In its filing Thursday, CTIA said any standards-setting review "is no panacea" guaranteeing coexistence between LTE-U and Wi-Fi, since even Wi-Fi has no coexistence testing specification, only the listen before talk protocol. The NCTA comments are aimed at keeping a status quo "in 'their' (unlicensed) spectrum [as they] preclude new, innovative competitive developments," CTIA said. And CTIA said the LTE-U Forum and its supporters have done extensive outreach both formally and informally to the Wi-Fi world on coexistence issues. NCTA, Verizon, which is a chief founder of LTE-Forum, and Qualcomm, which also is a major proponent of LTE-U, didn't comment Thursday.

Ruckus Wireless, among submitters of the NCTA comments, "supports continued innovation in the unlicensed bands, including the introduction of LTE to those bands," it said in a statement. "We also support Chairman Wheeler’s view that an open, broad-based, standards-setting process is critical in order for this introduction to be successful.

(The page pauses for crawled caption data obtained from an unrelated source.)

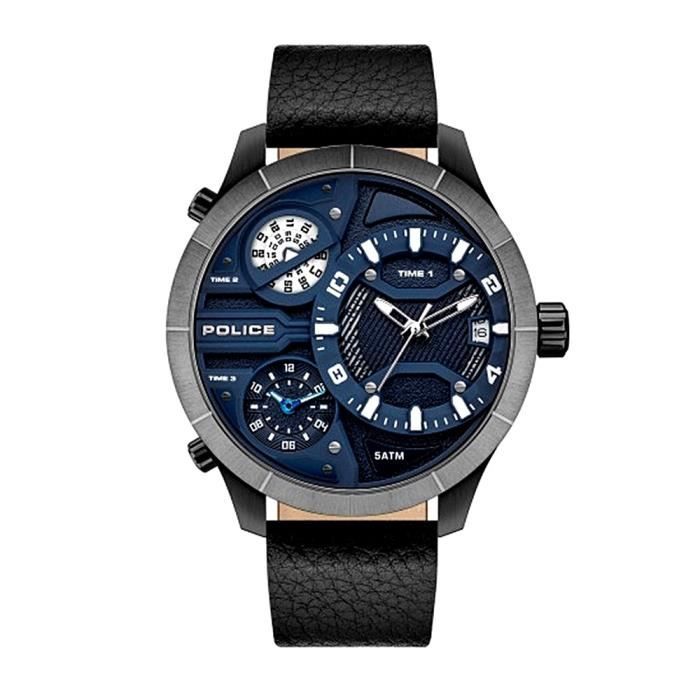 Montre Police Pewjb2110640 Acier inoxydable Cuir noir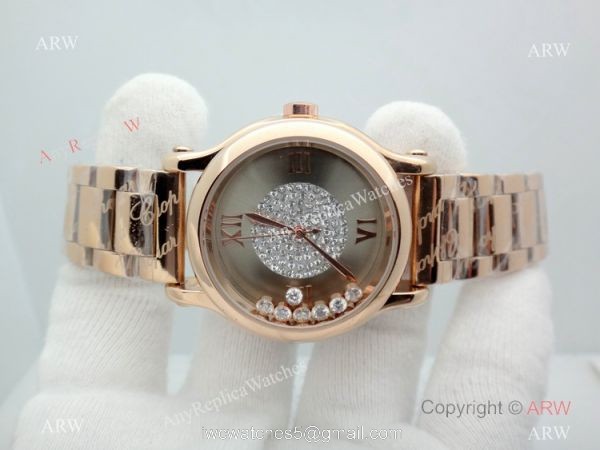 High Quality Chopard Happy Sport Quartz Watch Rose Gold Gray Dial 5
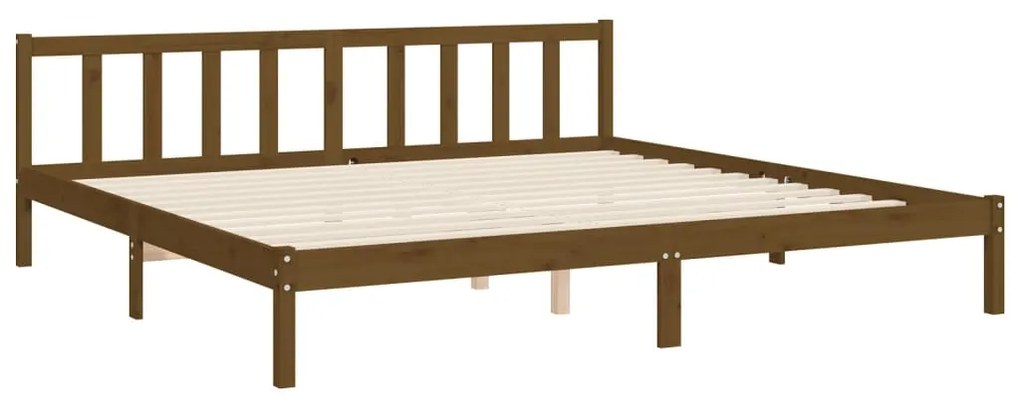 Estrutura cama c/ cabeceira 200x200cm maciço castanho-mel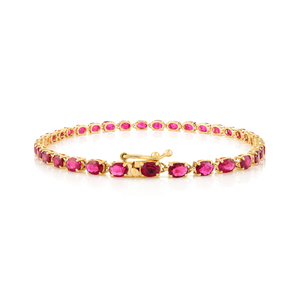 Directamente de fábrica K14 oro amarillo piedra preciosa Natural corte ovalado rubí apilable tenis pulsera para mujer regalo de aniversario - Product Image 3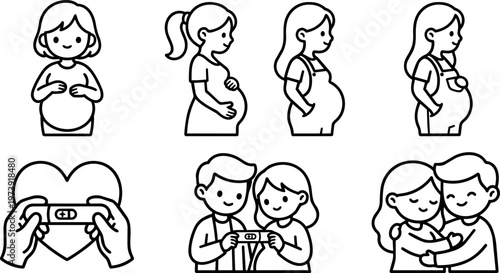 Pregnant women and positive pregnancy tests with couples smiling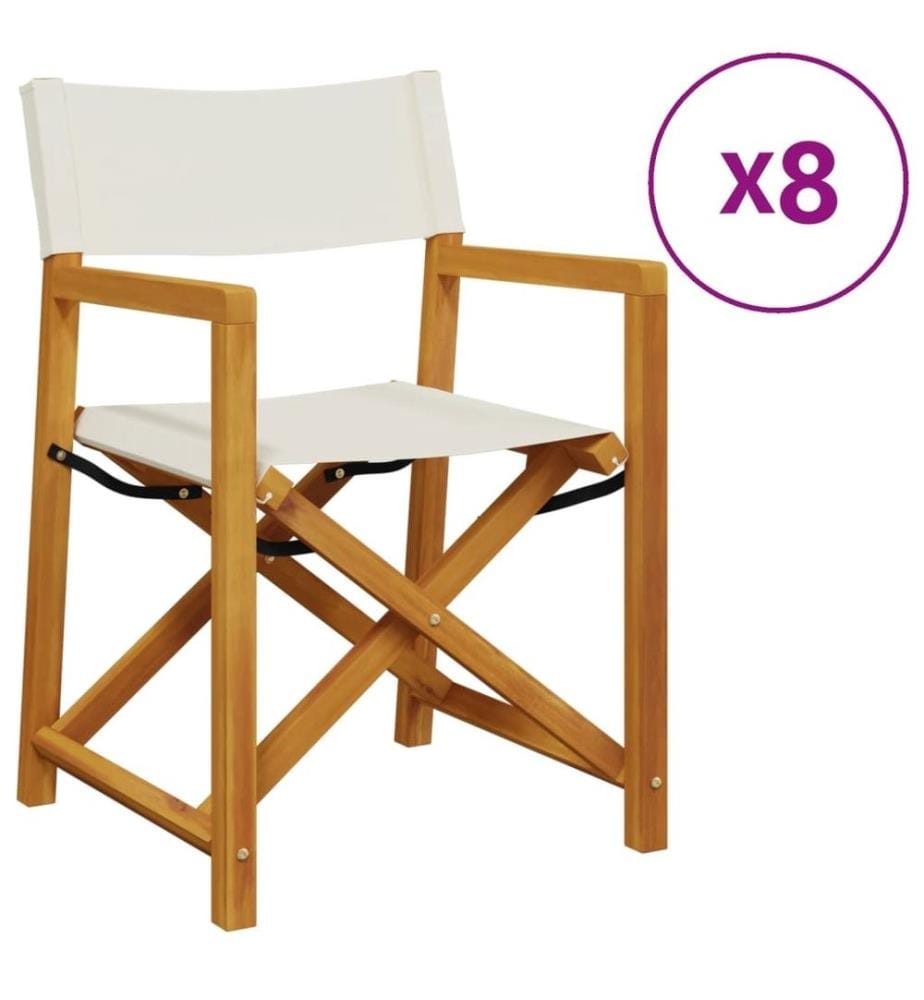 Chaises de jardin pliables lot de 8 blanc crème tissu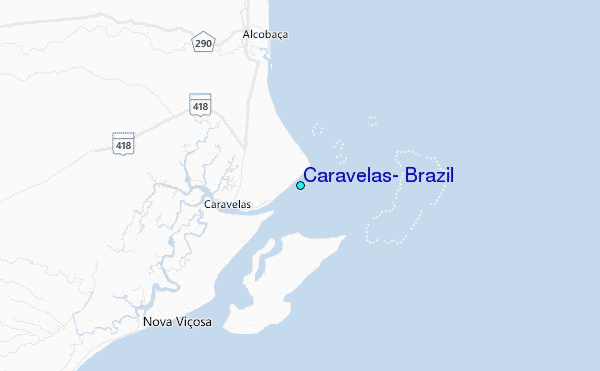 Caravelas, Brazil Tide Station Location Map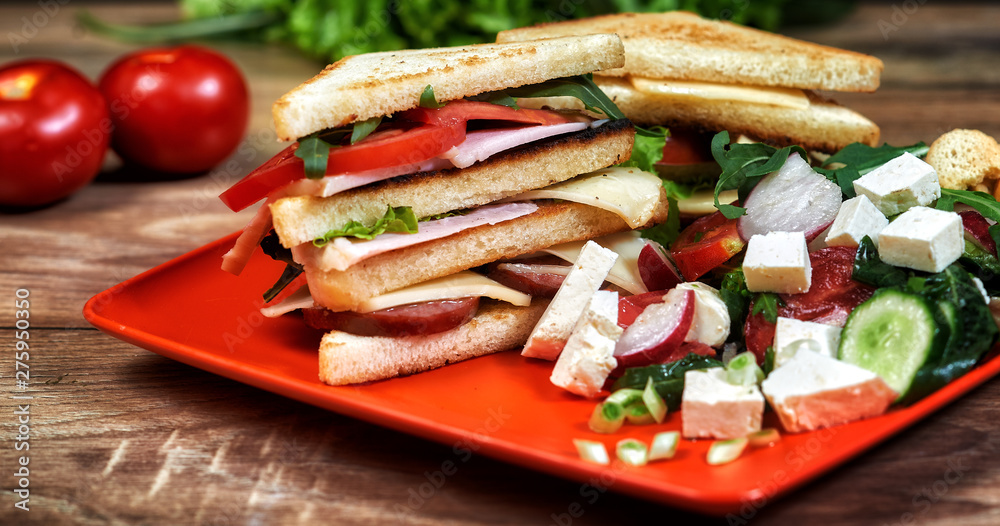 Light summer quick Breakfast , ham sandwich and fresh salad .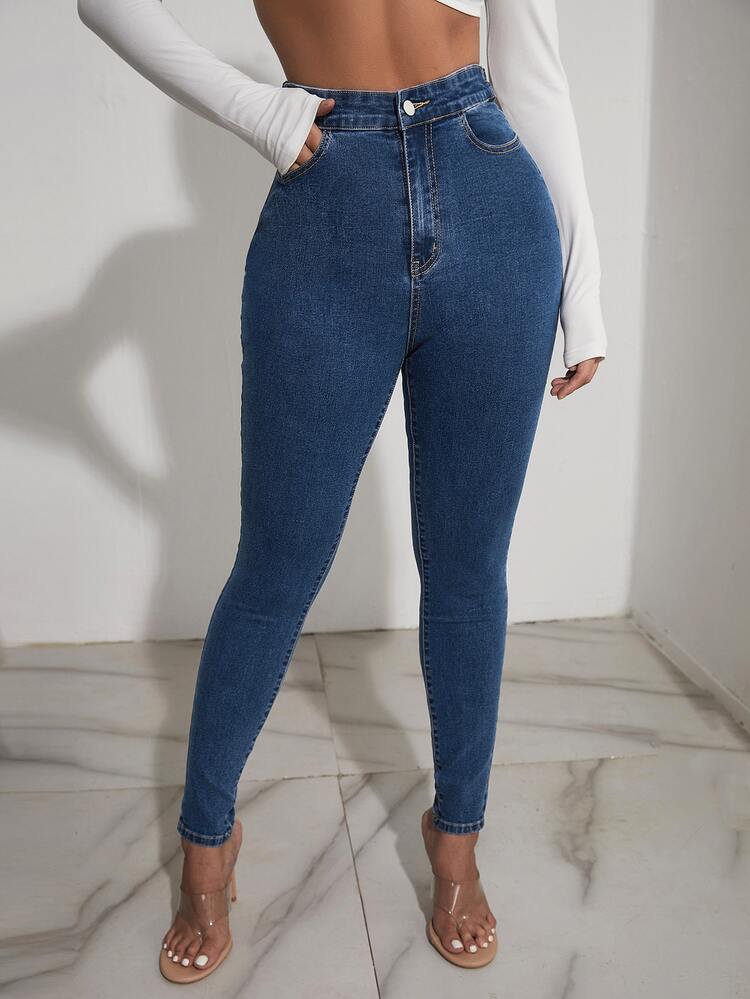 Jeans ajustados con tira cruzada con cordón trasero - Azul lavado medio - Añade 3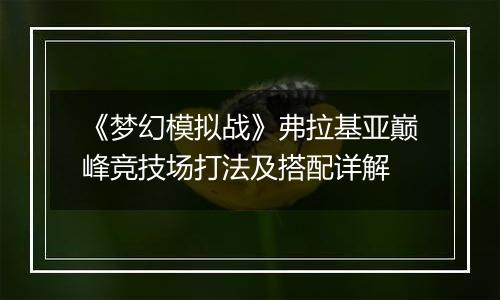 《梦幻模拟战》弗拉基亚巅峰竞技场打法及搭配详解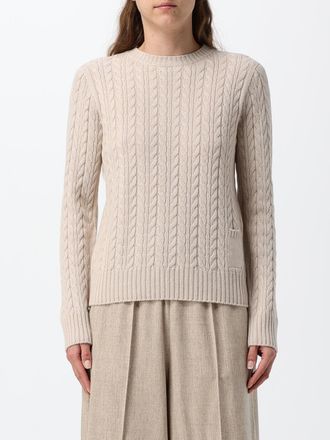 Agnona Maglia girocollo in puro cashmere con maniche lunghe e bordi a costine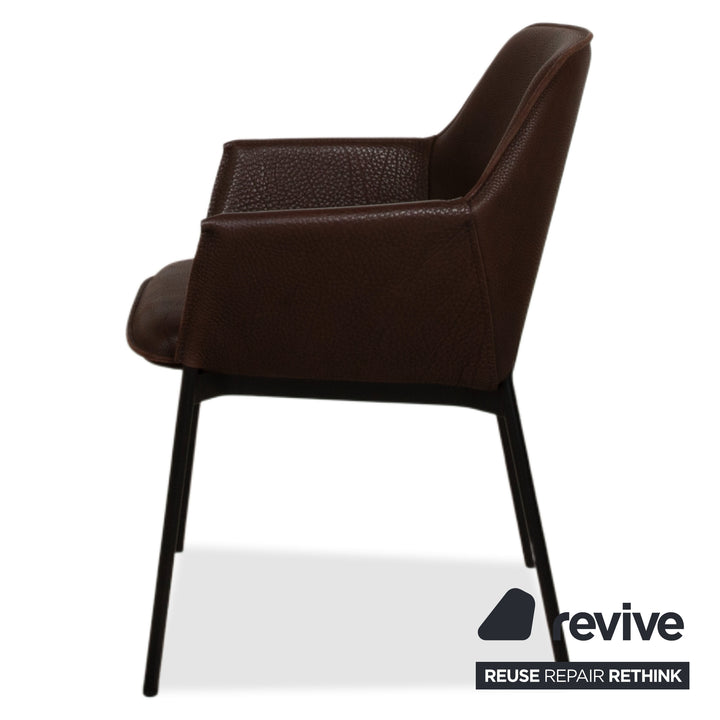 6er Garnitur Freifrau Grace Arm Chair Leder Stuhl Braun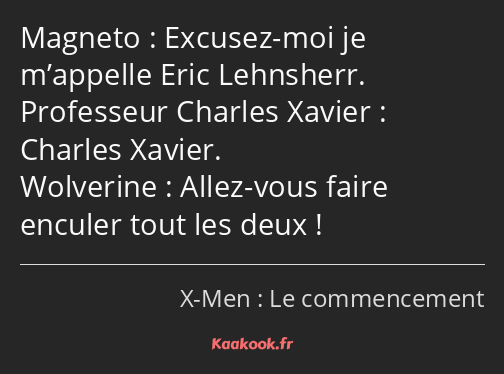 Excusez-moi je m’appelle Eric Lehnsherr. Charles Xavier. Allez-vous faire enculer tout les deux !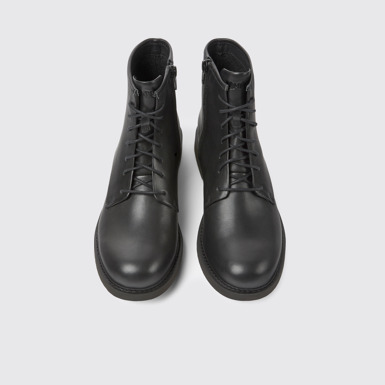 Overhead view of Neuman Black leather lace-up ankle boots for women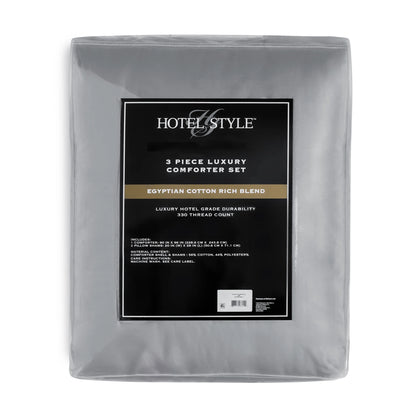 3-Piece Grey/Silver Egyptian Cotton-Rich Blend Luxury Comforter Set, Full/Queen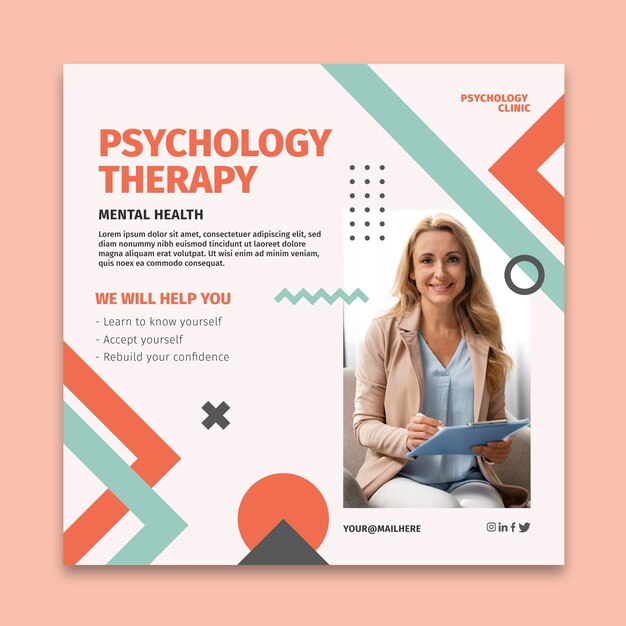 Psychology squared flyer template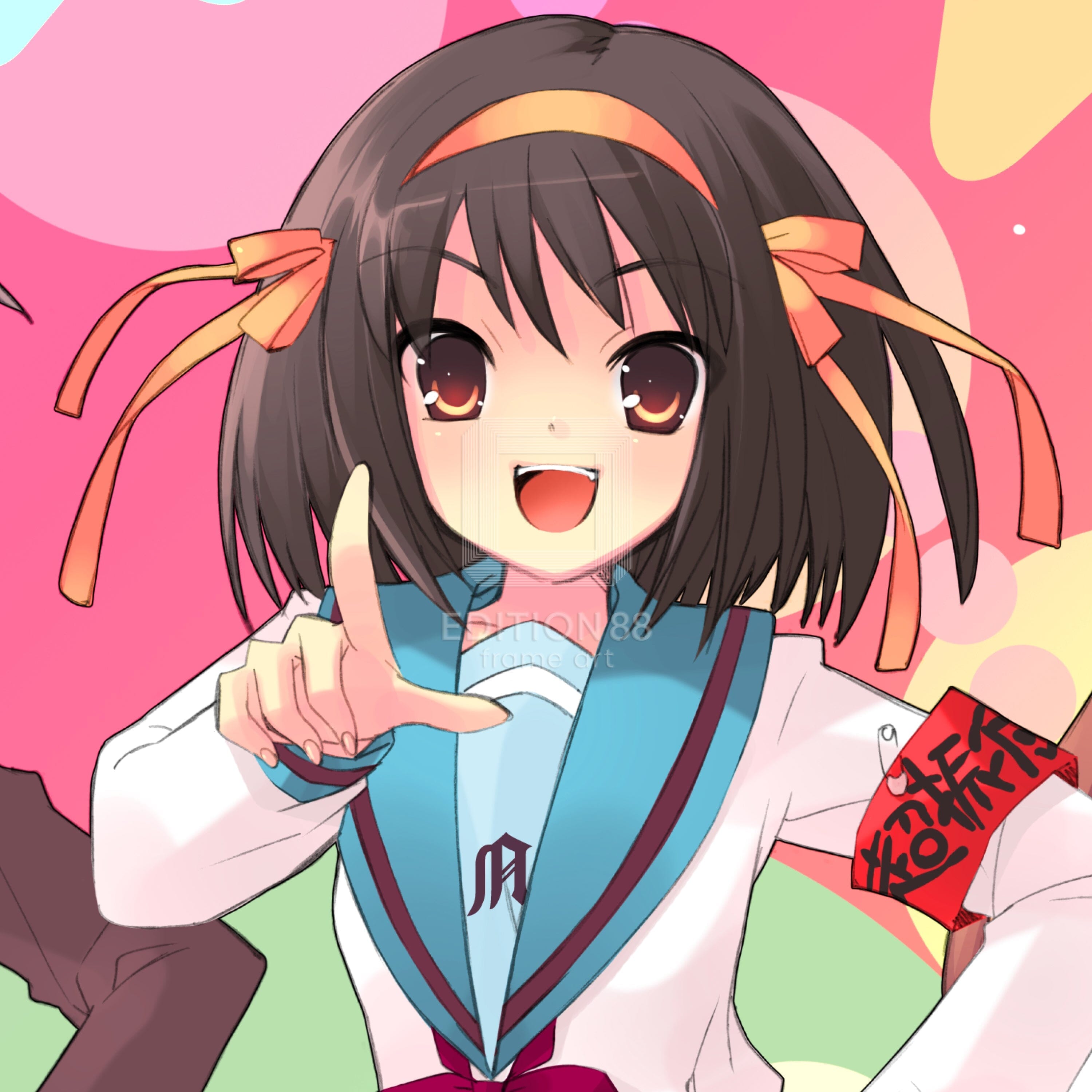 「涼宮ハルヒの憂鬱」版画3(「ザ・スニーカー」用イラスト 2006年8月号)/ いとうのいぢ(直筆サイン入り / 限定300枚) 版画 Edition88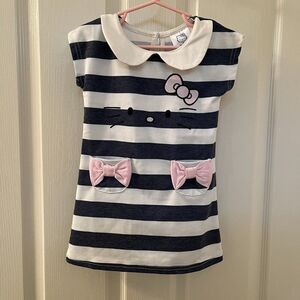 Sanrio Hello Kitty Striped Dress Embroidered Bow Pockets Collared Girls Size 2T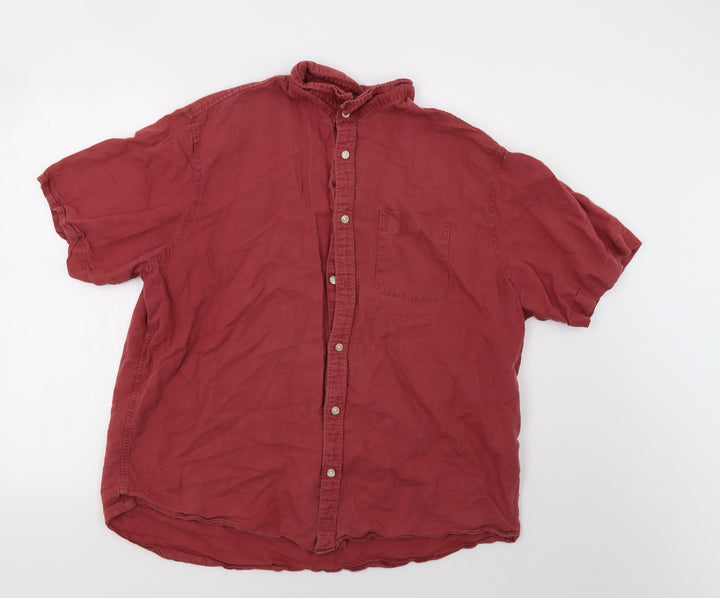 M&S Mens Red Button-Up Size XL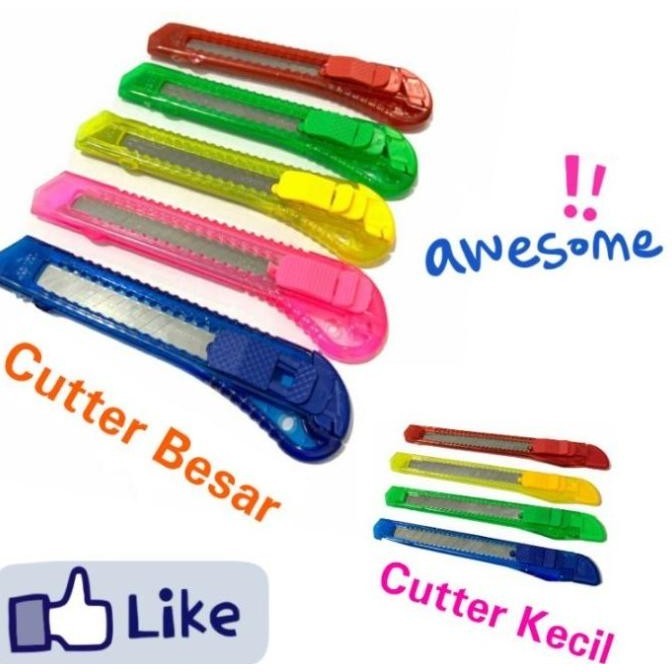 

CUTTER / KATER BESAR - KECIL PLASTIK WARNA BENING TRANSPASARAN MURAH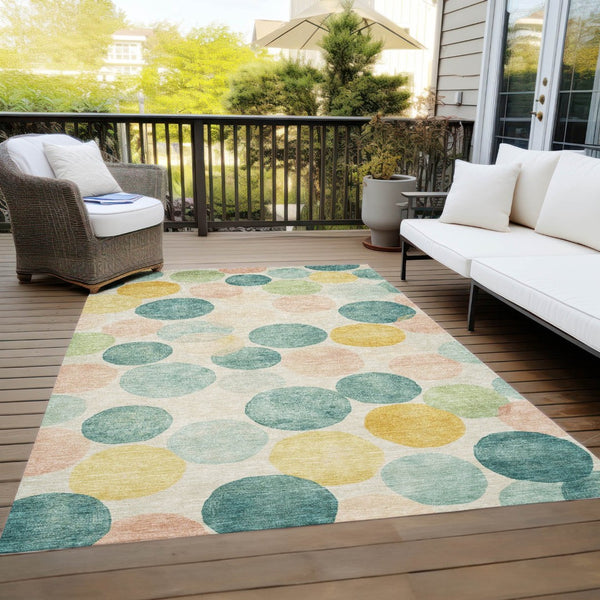 HomeRoots 5' Bold Geometric Area Rug in Teal, Blue, Yellow & Peach – Durable, Washable for Indoor & Outdoor Use 10' X 14' 625120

For this reason, we favor the LAA and LWA programs being developed as features for LTE Release 13 within the consensus-based standard-setting process of 3GPP. We are also encouraged by the liaison and communication that has occurred between 3GPP and IEEE on the LAA program as it pertains to Wi-Fi coexistence, and hope that this cooperation will continue in the months leading up to the completion of Release 13.”